Tras esta etapa en Roma está documentado el paso de Antonio Averlino por Florencia, Venecia, Milán y Bérgamo. Reclamado en Milán por Francesco Sforza, trabajó en la capital lombarda casi hasta su muerte, aunque posiblemente su obra más destacada no sea un edificio sino su Tratado de arquitectura (1464), el primero en su género redactado en lengua vulgar.

Los veinticinco libros de que se compone el Tratado de arquitectura, si bien están escritos con bastante torpeza, aportan un sorprendente despliegue de ilustraciones con construcciones de arquitecturas fantásticas y recargadas, que debían formar parte de la ciudad ideal de Sforzinda. Esta urbe imaginaria, concebida como materialización de la utopía humanista que debía inspirar a todo príncipe del Renacimiento, suscitó el interés de importantes gobernantes de la época, y no pasó desapercibida para un artista como Leonardo da Vinci.

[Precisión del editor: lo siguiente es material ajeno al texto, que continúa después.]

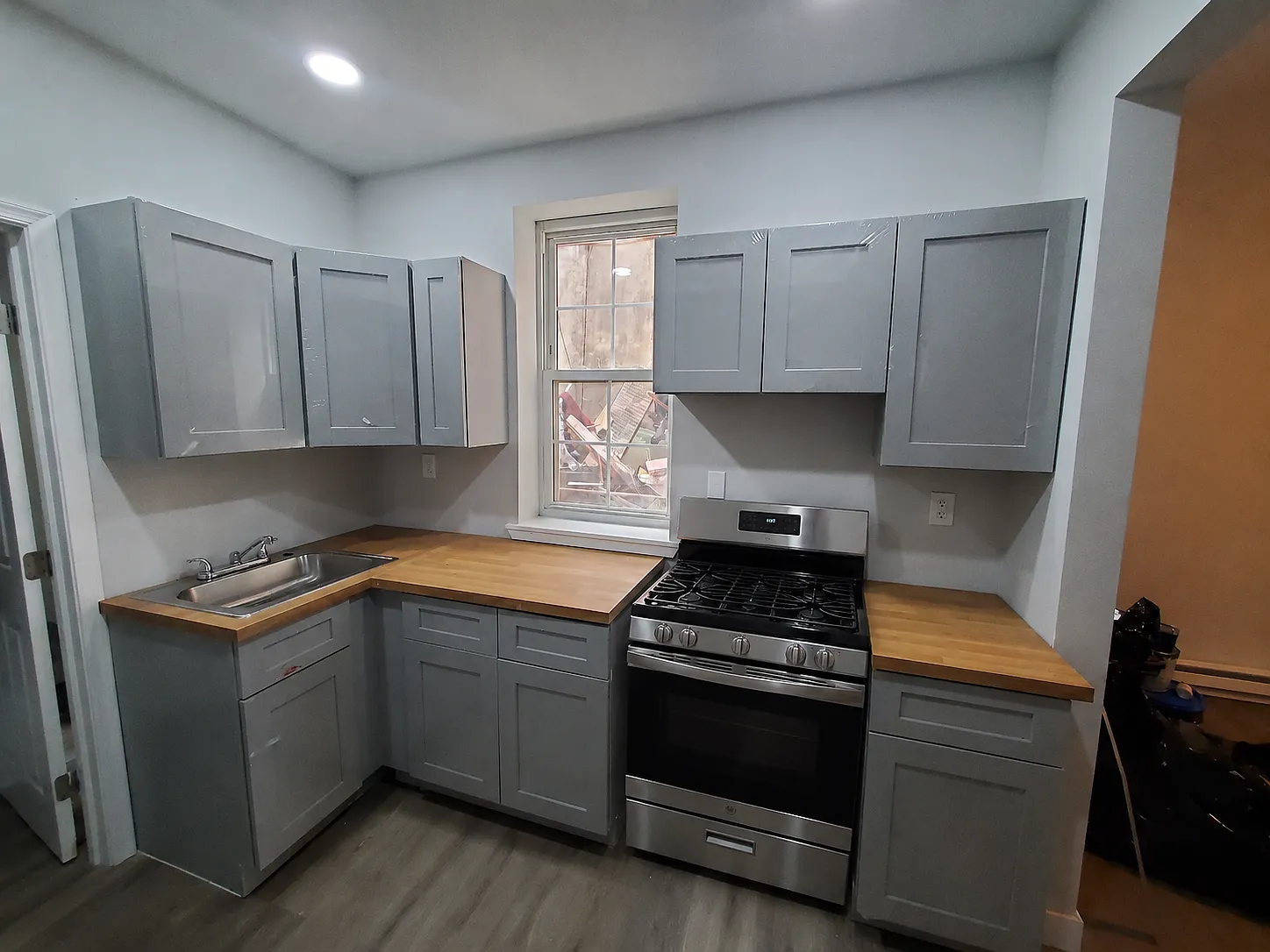 1 bed, 300 sqft, $800 — Photo 4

Pocas fueron las obras que en verdad llevó a cabo Antonio Averlino en Milán, al parecer debido a las malas relaciones que mantuvo con los maestros locales. Probablemente diseñó la torre central con terrazas de la fachada del castillo Sforzesco en torno a 1455, al tiempo que se levantaban los imponentes bastiones circulares de las esquinas, con almohadillado en forma de diamante. Es seguro que en 1456 inició la construcción del Hospital Mayor, donde pretendía desarrollar un vasto cuadrilátero con dos cuerpos en forma de cruz y nueve patios con galerías apoyadas sobre finas columnas, tipología que tuvo una gran repercusión posteriormente.